I have a hair appointment on Thursday.
It's with someone new.
If she knew how much hope I was putting into her version of 'pretty' she would probably cancel on me.


Here's something that perplexes me.
Have you ever noticed that most actresses on TV wear dainty little necklaces in the hollow part of their neck?
Loralai Gilmore wore a different necklace in almost every episode.  In fact, that was what amazed me most about the Gilmore Girls series.
I want the same kind of necklace...something dainty and elegant.
I've wanted one for years.
The perplexing part is that I can't find one...anywhere.
Do you think they only make dainty necklaces for TV stars?
If that's the case, I think that's kind of rude.

It's time for bed.
I know this because I just tried to use my baby monitor as my mouse.  And I don't even use a mouse with my laptop.

(PS.  For those of you who might be wondering: 'Elimy' is how my four year old niece says Emily.  The nickname stuck.)

Sunday, November 27, 2011

Jason Is Not Lady Gaga's Biggest Fan...In Case You Needed To Know

Don't you love when you get to your mom's house for Thanksgiving dinner and in the process of getting your baby out of the car you snag her feeding tube and pull it out?

What?  Your baby doesn't have a feeding tube?  You are so missing out.

Three hours is how long we spent in the ER on Thursday afternoon waiting for the on-call radiologist to leave his Thanksgiving dinner to come and put Emily's tube back in.  Nothing makes me want to swear more than Emily's feeding tube.

And if you add an oxygen tank to the mix...well, we may never leave the house again.  

I'd like you to know that I fixed dinner today AND baked chocolate chip cookies yesterday.  
Holy cow that's amazing.  Trust me, it really is amazing...well, except for that part where I sliced my hand while slicing an avocado.

Our little lady is doing well, thank you for asking.  It seems she falls asleep a little earlier each night and almost always sleeps through the night.  As she continues to outgrow her shunt she will have less and less energy.  When she's awake she's an incredibly happy baby, and loves to smile and play with her mommy and daddy.

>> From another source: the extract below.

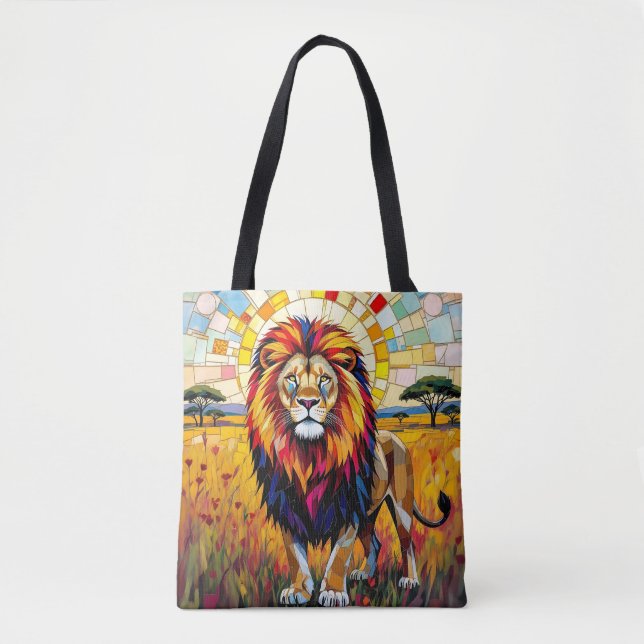Lebhafte farbenfrohe Lion Mosaik Tasche (Vorderseite)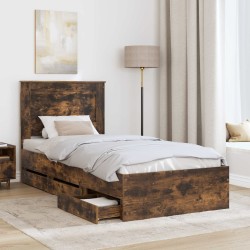Cadre de lit avec tiroir Chêne fumé 90 x 190 cm Bois Ingénierie 545201545201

Yesterday she was lying on the couch watching TV.  I happened to look over at her at the same time a man on the TV smiled.  Emily saw his smile and smiled the biggest smile back at him.  She's truly a joy.

In other news...

I found 17 new grey hairs.
Jason lost his car keys.
A very kind blog friend brought us dinner.
I wrote 12 thank you notes.
I almost had an attack of vertigo.  It was close.  It scared me.  Thankfully my medicine worked.
My washer is going all day long, thanks to the blow outs Emily has at least twice a day.
A third baby girl joined our family...we love you baby Lizzy.
My sister found mint m&m's and bought me a bag.
Emily got to meet her adopted grandparents and aunts who came from Mexico for their daughter's/sister's wedding.

Don't ask me what I was doing with my smile...I have not a clue.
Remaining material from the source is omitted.